Aim of the exercise. Please work out how many lines in the data below contain "Unit", and reply with that number alone.

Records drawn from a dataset
────
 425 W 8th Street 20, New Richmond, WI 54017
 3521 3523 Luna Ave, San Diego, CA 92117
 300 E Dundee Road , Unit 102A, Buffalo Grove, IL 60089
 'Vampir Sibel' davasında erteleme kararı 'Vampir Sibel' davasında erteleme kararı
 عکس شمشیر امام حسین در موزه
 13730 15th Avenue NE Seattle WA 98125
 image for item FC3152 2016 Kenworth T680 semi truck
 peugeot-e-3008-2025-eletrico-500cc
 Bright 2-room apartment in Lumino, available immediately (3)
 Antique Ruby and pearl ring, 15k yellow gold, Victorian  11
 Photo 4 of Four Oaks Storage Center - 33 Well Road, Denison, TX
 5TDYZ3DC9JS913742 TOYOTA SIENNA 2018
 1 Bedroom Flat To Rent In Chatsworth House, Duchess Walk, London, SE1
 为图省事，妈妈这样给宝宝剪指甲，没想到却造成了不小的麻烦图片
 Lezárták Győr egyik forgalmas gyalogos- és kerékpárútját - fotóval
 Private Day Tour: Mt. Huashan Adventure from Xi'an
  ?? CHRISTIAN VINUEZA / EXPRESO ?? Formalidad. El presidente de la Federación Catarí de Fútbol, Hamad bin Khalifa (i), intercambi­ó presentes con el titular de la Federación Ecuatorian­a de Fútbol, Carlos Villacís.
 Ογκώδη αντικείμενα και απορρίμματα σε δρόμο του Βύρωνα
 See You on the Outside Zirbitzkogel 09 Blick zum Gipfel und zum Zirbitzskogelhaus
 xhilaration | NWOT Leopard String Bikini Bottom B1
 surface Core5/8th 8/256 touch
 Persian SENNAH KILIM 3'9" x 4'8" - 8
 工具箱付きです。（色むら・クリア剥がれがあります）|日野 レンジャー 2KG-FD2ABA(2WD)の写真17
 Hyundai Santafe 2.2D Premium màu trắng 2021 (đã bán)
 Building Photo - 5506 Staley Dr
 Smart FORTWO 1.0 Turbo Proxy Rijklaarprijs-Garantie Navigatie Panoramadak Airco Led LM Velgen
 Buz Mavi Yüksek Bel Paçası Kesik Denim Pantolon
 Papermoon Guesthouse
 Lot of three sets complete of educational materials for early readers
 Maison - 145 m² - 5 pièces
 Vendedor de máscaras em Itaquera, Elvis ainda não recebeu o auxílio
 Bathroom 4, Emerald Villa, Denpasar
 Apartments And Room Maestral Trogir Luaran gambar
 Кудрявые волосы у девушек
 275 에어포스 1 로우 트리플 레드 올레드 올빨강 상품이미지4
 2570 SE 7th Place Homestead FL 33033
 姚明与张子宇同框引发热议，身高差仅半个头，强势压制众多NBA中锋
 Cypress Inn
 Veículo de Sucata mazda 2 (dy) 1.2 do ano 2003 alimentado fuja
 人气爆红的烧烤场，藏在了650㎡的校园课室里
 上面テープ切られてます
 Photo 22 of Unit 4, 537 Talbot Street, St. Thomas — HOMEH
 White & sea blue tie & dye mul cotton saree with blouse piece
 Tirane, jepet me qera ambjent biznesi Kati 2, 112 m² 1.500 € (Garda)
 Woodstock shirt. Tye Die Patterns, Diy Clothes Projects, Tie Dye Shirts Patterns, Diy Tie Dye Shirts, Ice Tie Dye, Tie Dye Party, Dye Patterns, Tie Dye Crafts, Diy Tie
────
Exercise output. 2